Thu. Apr 25th, 2024

San Francisco voters approve drug screening for welfare recipients

By 37ci3 Mar7,2024


San Francisco voters have shown strong support for a ballot measure that would require people who receive city assistance and are “reasonably” suspected of using drugs to be screened and enrolled in treatment.

They also favored another measure that eased restrictions on police officers.

The approvals were seen as a victory for Mayor London Brady, who faces a tough re-election fight in November due to concerns that he is weak on crime. He put the measures on the ballot with the intention of improving public safety and solving the city’s drug crisis, he said.

But opponents say the measures could exacerbate those problems, as well as homelessness, and won’t make the community safer.

London Sex
Mayor London Breed speaks to supporters at an election night event in San Francisco on Tuesday.Godofredo A. Vásquez / AP

Proposal EThe police control commission, which reduces the authority of the citizen, gathered almost 60% vote.
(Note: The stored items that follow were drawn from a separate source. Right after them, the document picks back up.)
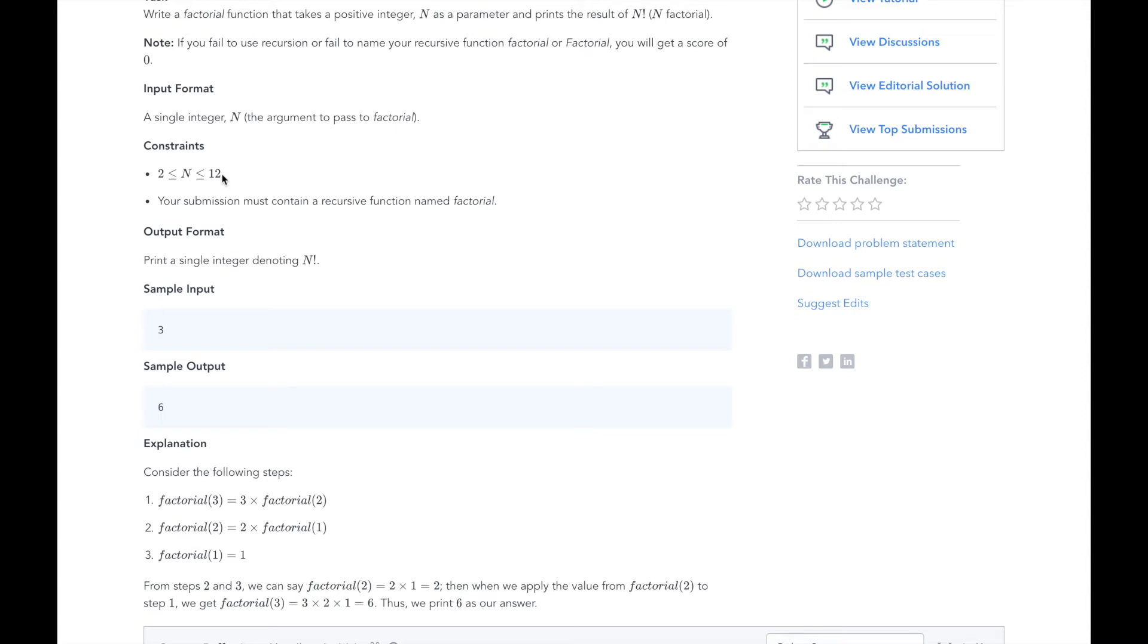With recursion, it is always important to understand the base case and how each layer of recursion affects the next. Our base case is that the factorial of any number less than or equal to 1 is 1.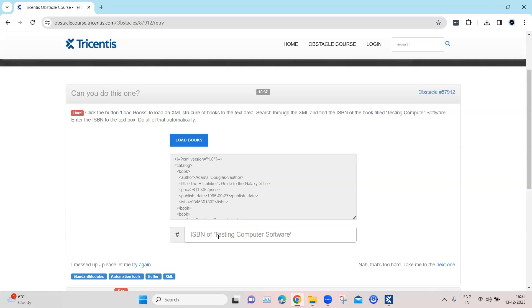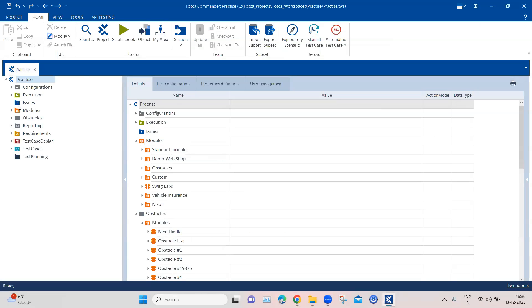To resolve this obstacle, we need to use a couple of engines. We need the browser engine to click on the button and to buffer the text present here, and to enter it into the text box. We also need the file engine to create a new XML file and write the text into it. We also need to scan the XML file and use the XML engine to find the ISBN with this particular book title. There are lots of moving parts, and it's a great way of practicing what you've learned in Tosca.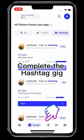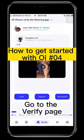Completed will be shown in the top left corner. Note that you can only complete up to 10 social gigs daily.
It also allows the police department to use drones and surveillance cameras; requires written reporting only for use-of-force incidents when a physical injury occurs or an officer’s firearm is holstered; and gives police more freedom to pursue suspects in vehicles.

Proposal F requires people 65 and younger who receive cash welfare assistance from the city, are unaccompanied, and are “reasonably suspected” of being dependent on illegal drugs to be eligible for assistance. It took more than 60% of the votes.

The measure did not specify what it means to “reasonably” suspect someone of using drugs, and a spokeswoman for Breed’s office said the specifics have yet to be determined. According to the Office of the Chief Medical Examiner, there were 813 accidental overdose deaths in the city in 2023.

Both measures take effect on January 1.

Jason McDaniel, an associate professor of political science at San Francisco State University, said the support for the measures does not indicate that the famously progressive city is moving to the right.

“It’s overkill,” he said. “This is a misreading of what happened. Voters are not getting more conservative. “They are still largely liberal, and being pro-police is consistent with their liberal values.”

Many of the city’s liberal voters support government services for people in need, he said, which may indicate why Proposition F has garnered as much support as it has.

Kevin Benedicto, a member of the city’s police commission, said he personally opposes Proposition E because “it diminishes the important safeguards and safeguards that San Francisco has carefully placed in law enforcement.”

Dangerous pursuits, surveillance technologies and reduced enforcement of officer-involved shootings are not the answer, he said.

“Comprehensive public safety should not come at the expense of accountability,” he said.

Since the recall of San Francisco District Attorney Chesa Bowdy in 2022, the top issues for voters have been public safety, crime, homelessness and drug use, McDaniel said.

He said the success of the measures was a positive step for Brad’s campaign, which is still very sensitive because some believe he has allowed these issues to fester during his five years in office.

Daniel Lurie and Mark Farrell, moderate Democrats, are among Breed’s main challengers. Lurie is the founder of the non-profit organization. Farrell was interim mayor from January to July 2018. Both supported his election measures, but said he could have enacted them sooner. Still, their support for the events bodes well for Breed, McDaniel said.

Breed thanked supporters of the measure, saying Proposition E would help continue his work to make San Francisco safer, and Proposition F would bring more accountability and accountability to the city. He said that crime has decreased in the past year and these measures will continue this development.